Re: [PATCH][v8] PM / hibernate: Verify the consistent of e820 memory map by md5 value
From: Chen Yu
Date: Fri Sep 09 2016 - 03:28:37 EST
Hi Pavel,
On Thu, Sep 08, 2016 at 11:15:52PM +0200, Pavel Machek wrote:
> On Tue 2016-08-30 13:54:44, Rafael J. Wysocki wrote:
> > On Tuesday, August 30, 2016 04:35:05 PM joeyli wrote:
> > > On Mon, Aug 29, 2016 at 03:41:23PM +0200, Borislav Petkov wrote:
> > > > On Mon, Aug 29, 2016 at 09:15:00AM +0200, Pavel Machek wrote:
> > > > > Sounds about as easy as hot unplugging arbitrary memory address. IOW
> > > > > "not easy".
> > > >
> > > > Regardless, forcibly panicking the system more is still the wrong
> > > > approach IMO.
> > > >
> > > > Instead, I'd try to issue a big fat warning that BIOS corrupts E820 and
> > > > that the user should disable hibernation on that box and never ever
> > > > enable it again.
> > > >
> > > > After that, the kernel should *disable* hibernation for the current boot
> > > > so any further hibernation runs don't even happen. Maybe even taint
> > > > itself.
> > > >
> > >
> > > I support this idea to disable hibernation when kernel detected e820 layout
> > > was changed by BIOS. If system resume luckily then kernel should warn to user
> > > and refuse to hibernate again. User must to know that's better to reboot
> > > system when he saw the warning message after lucky resume.
> > >
> > > Not just BIOS doesn't fix e820 layout. There have some machines doesn't provide
> > > _S4_ function, so the hibernation fallbacks to "shutdown" mode because "platform"

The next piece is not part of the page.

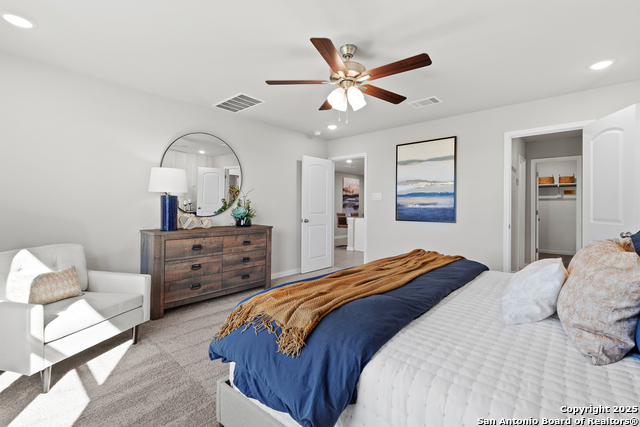 Listing photo id 9 for 7826 Canyon Cove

> > > mode unavailable. In this situation, user is just lucky to run the hibernation.
> > > Kernel should warn to user and disable hibernation when detected e820 layout
> > > changed.
> >
> > Well, please see my reply to Boris.
> >
> > Pavel is right that running after detecting an e820 mismatch is generally risky,
> > so why don't we shut down the system (but try to do that cleanly instead of
> > causing it to panic right away) on an e820 mismatch?
>
> I don't think that's good idea.
>
> Anything involving userspace is risky at that point, and clean
> shutdown means a _lot_ of userspace.
>
> We know the filesystems are reasonably clean as we sync-ed
> them; I believe right solution is to panic -- on-disk state is pretty
> good and we don't want to do anything risky.
>
OK, we tried a milder solution that doesn't shutdown the system in the
latest version, which terminates the restore process if a mismatch is found
(hope people would be happy with that one :)
Here's the patch link per yours and Rafael's last comments on the old patch,
and I'm still doing some small adjustment and will send a newer one but it
is approximately similar to the following link:
https://patchwork.kernel.org/patch/9310497/